- Exercise requirements:
From the entries below, output the line with "Big action by" and each following line up to and including the line with "Слава собирался купить", exactly as written.

- Information given:
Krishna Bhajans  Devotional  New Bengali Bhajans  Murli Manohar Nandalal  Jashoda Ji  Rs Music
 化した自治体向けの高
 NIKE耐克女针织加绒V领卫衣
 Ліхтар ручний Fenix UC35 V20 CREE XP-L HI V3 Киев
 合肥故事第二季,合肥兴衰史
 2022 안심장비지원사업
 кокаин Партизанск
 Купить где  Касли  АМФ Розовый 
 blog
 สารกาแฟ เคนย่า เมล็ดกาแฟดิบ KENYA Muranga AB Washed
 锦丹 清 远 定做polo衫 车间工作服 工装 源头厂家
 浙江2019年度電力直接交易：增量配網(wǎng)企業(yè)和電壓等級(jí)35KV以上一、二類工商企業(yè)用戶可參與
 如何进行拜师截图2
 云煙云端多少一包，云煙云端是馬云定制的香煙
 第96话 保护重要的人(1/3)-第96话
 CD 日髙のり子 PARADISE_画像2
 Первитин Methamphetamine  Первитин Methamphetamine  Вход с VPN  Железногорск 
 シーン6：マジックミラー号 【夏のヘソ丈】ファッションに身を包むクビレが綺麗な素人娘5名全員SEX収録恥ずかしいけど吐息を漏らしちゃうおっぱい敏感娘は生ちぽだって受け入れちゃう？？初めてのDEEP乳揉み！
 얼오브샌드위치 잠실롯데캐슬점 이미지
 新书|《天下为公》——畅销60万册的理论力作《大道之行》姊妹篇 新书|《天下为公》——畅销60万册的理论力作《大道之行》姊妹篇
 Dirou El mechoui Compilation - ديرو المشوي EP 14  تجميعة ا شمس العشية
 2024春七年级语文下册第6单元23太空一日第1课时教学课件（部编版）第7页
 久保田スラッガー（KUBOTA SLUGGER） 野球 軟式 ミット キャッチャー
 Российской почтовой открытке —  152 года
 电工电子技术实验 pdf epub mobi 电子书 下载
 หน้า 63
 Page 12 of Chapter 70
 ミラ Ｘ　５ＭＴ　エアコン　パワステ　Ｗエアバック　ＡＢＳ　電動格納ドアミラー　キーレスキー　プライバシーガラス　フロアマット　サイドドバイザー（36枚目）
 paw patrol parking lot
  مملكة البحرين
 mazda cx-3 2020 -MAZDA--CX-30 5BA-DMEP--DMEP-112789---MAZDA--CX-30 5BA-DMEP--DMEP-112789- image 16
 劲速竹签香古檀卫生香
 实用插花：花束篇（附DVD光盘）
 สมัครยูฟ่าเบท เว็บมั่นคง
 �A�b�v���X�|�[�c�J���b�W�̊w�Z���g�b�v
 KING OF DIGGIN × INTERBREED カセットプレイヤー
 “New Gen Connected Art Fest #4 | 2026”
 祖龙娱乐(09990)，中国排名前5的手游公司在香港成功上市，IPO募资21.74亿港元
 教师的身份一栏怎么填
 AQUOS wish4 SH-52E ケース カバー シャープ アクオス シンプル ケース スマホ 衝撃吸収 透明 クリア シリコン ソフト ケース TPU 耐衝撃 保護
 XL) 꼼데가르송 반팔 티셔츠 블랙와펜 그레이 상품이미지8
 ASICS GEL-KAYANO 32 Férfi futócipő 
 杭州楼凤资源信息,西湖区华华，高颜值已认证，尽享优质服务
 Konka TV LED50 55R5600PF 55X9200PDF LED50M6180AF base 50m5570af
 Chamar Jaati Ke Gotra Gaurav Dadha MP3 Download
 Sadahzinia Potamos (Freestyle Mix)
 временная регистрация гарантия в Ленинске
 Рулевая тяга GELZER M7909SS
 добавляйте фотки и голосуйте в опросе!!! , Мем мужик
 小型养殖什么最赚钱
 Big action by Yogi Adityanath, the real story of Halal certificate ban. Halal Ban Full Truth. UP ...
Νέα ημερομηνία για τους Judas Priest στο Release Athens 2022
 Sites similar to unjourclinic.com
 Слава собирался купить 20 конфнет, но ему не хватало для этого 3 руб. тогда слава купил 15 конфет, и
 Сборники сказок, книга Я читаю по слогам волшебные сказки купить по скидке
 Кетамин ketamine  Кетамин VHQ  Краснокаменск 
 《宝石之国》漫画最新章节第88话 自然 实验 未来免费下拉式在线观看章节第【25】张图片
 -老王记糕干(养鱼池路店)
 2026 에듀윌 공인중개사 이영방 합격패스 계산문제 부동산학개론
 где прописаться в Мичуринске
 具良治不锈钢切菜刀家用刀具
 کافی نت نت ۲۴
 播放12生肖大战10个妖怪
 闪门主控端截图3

- Problem solution:
 Big action by Yogi Adityanath, the real story of Halal certificate ban. Halal Ban Full Truth. UP ...
Νέα ημερομηνία για τους Judas Priest στο Release Athens 2022
 Sites similar to unjourclinic.com
 Слава собирался купить 20 конфнет, но ему не хватало для этого 3 руб. тогда слава купил 15 конфет, и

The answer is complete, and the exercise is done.